Evaporation systems are those devices that are everywhere. They are not flashy, complex, or pricey, yet they are often an essential component of work horse applications like proteomics research or biosynthesis core laboratory operations. Although the methods and underlying chemistry of both the evaporator type and the sample type can be unique, the basic premise is universal – to remove as much unwanted solution as possible while leaving the sample analyte material intact.
Rotary Evaporators (rotovaps) allow the gentle removal of solvents from aqueous samples and can range in size from analytical benchtop to 20-50L process scale. There are several main components:
- A vacuum system to lower the pressure in the chamber.
- A heated bath for controlled heating of the sample vessel.
- A condenser with a “cold finger” that allows condensation of the removed vapor.
- A condensate-collection vessel which removes the condensate from circulation.
Other elements include a motorized rotary unit that rotates the sample vessel and a motor to lift and lower the vessel into the bath.
The basic theory of the technique involves several steps. The vacuum lowers the system pressure below the liquid sample’s vapor pressure, thus causing the sample to boil and vaporize. This boiling is facilitated by the heat bath, which along with the vacuum can be adjusted to suit the application and sample type. The condenser coil, sometimes called a cold finger because it is filled with a cooling liquid or submerged in dry ice, functions to lower the temperature of the removed vapor thereby causing it to condense. The condenser vessel then collects this condensate and removes it from circulation through the vacuum pump.
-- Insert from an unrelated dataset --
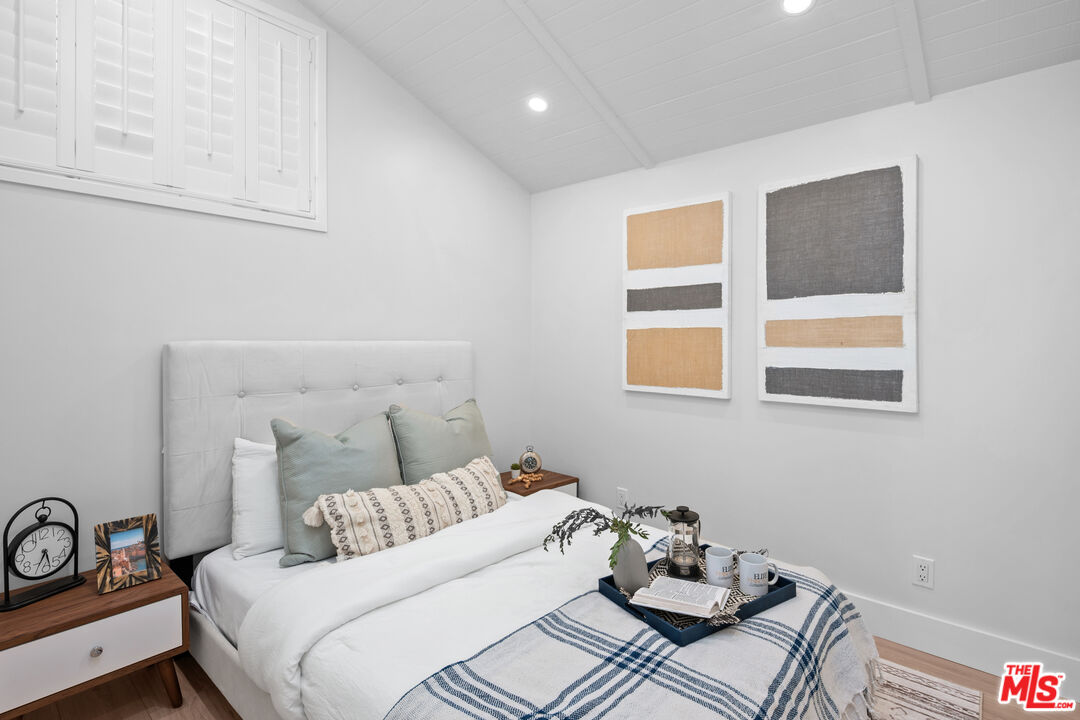 1216 Elm St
Rotovaps are commonly used to remove solvents and other volatiles that have a significant difference in vapor pressure compared to the analyte liquid meant to remain intact. In other words, low boiling point solvents are best removed from high boiling point liquids to avoid co-evaporation, and potential loss of sample product. This is a major disadvantage of these systems, and alternative techniques, such as centrifugal evaporation methods, are much more successful in the minimization of co-evaporation. One such stringent application includes removal of solvent or concentration of aqueous peptide solutions subsequent to mass spectrometry.
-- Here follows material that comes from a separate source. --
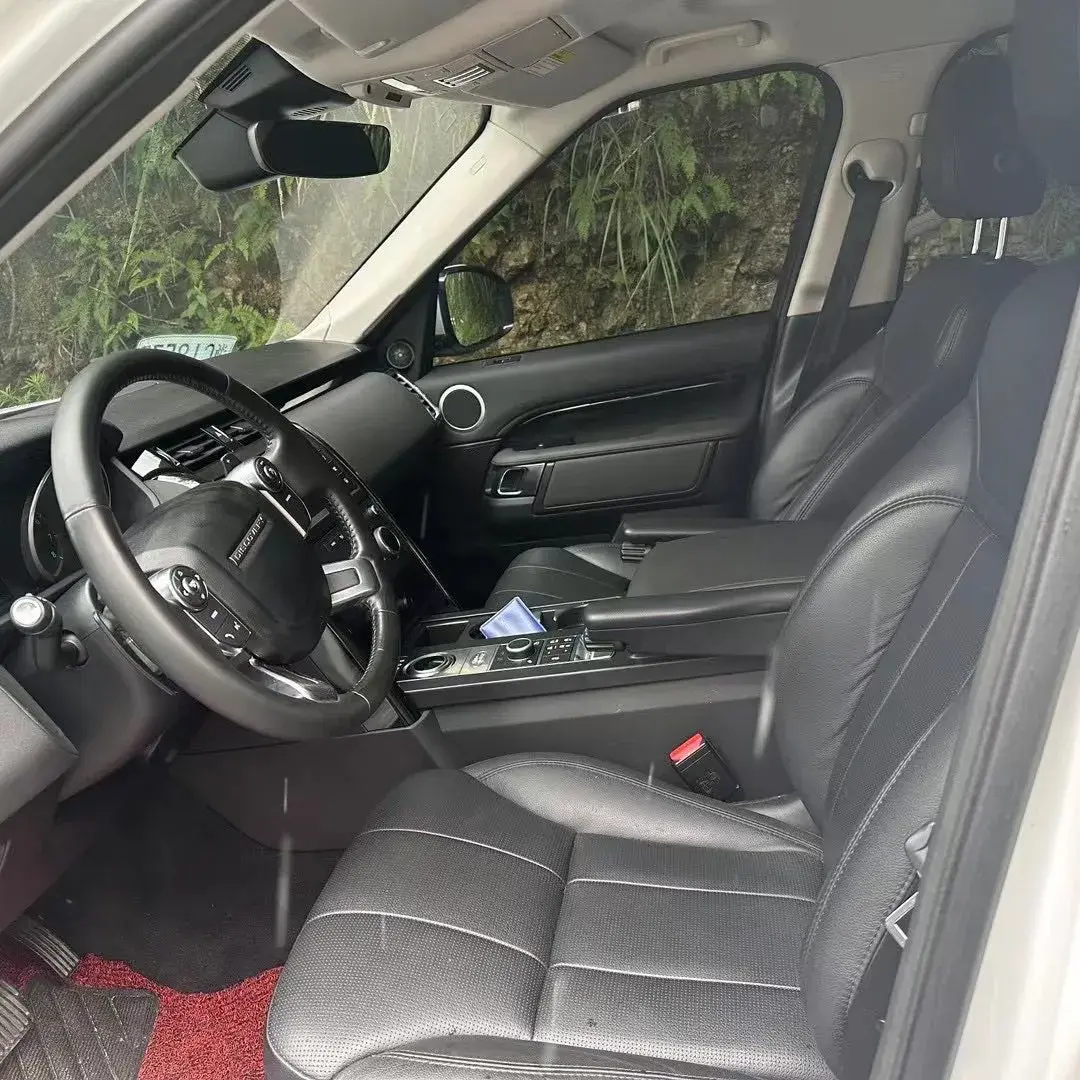 2017 LAND ROVER thumbnail 4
Centrifugal Evaporation devices (also called speedvacs or lyophilyzers) are very commonly seen in many types of life science labs. There are several differences and advantages over the rotovap. The first difference is the ability to process many samples in batch in microtube or microtiter plate format. Another difference is the ability to remove high boiling point solvents while keeping the sample temperature low, a feature that may be critical to temperature sensitive analytes like proteins and enzymes. This is possible because the centrifugal force of the centrifuge creates a pressure gradient within the liquid sample, thus causing the sample to boil top to bottom. The denser material is captive in the bottom of the vessel allowing vaporization of the less dense solvent top level.
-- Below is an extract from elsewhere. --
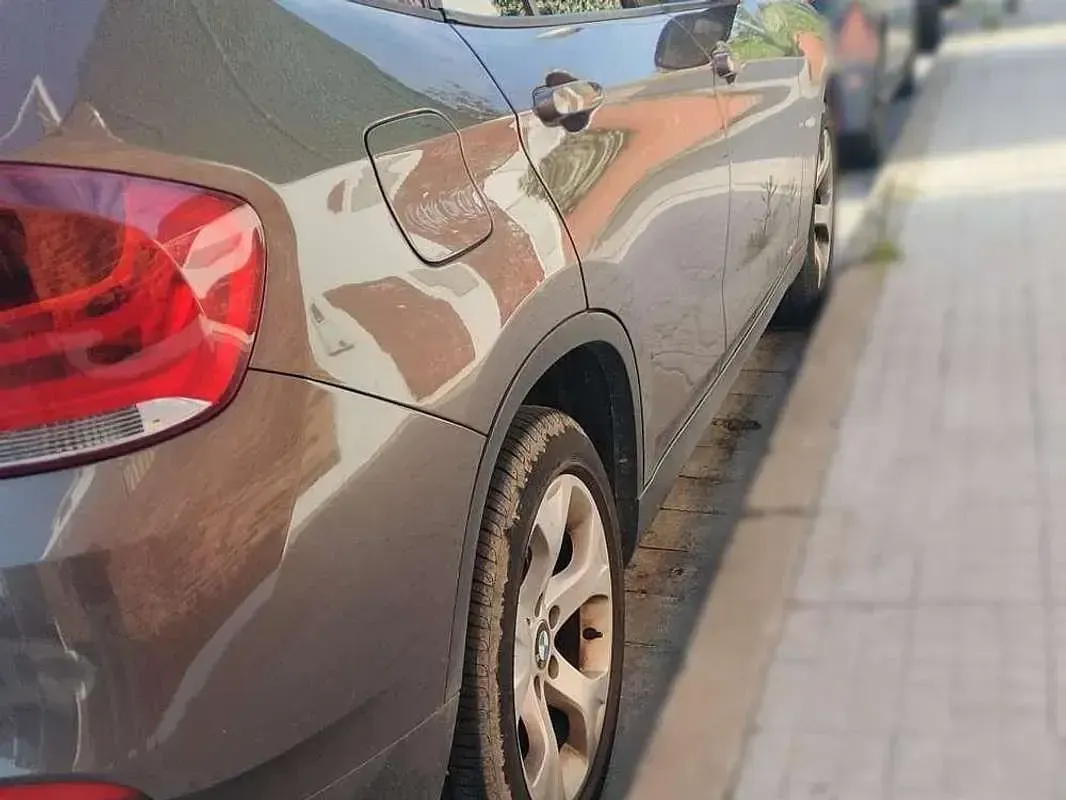 Usado BMW X1 150 CV (110 kW) 2010 Gris SUV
A third type of evaporation system involves blowdown or gas vortex shearing technology. This technique is fundamentally distinct from the previous two in that a gas is blown over the sample under such conditions and in such a way to facilitate evaporation without the requirement for vacuum. An inert gas such as nitrogen is blown in a helical fashion into the sample vessel which is placed in a water bath. The helical flow sets up a vortexing action that provides continuous sample mixing and rinsing of the vessel wall. The vapor rises from the center of the vortex and exits by means of an exhaust fan vented to a fresh air outlet.
The advantages of this type of system include time of operation, bath temperature, and gas flow rate; parameters which are typically controlled electronically by an integrated microprocessor, allowing high level precision and quality control. The evaporator also enables unattended operation and flexibility, such as pausing or stopping and temperature or sample adjustments.
Evaporators are those devices that often get taken for granted… That is, of course, until the pump goes down or the system looses vacuum. Then operations stop and the frantic search begins for a backup… And of course all of the other machines are in use… So your relegated to the “spare” system which only limps along with questionable effectiveness.
It’s best to have a greater idea of the range and models of evaporators in the market to be sure the lab has the most effective and reliable unit in the first place.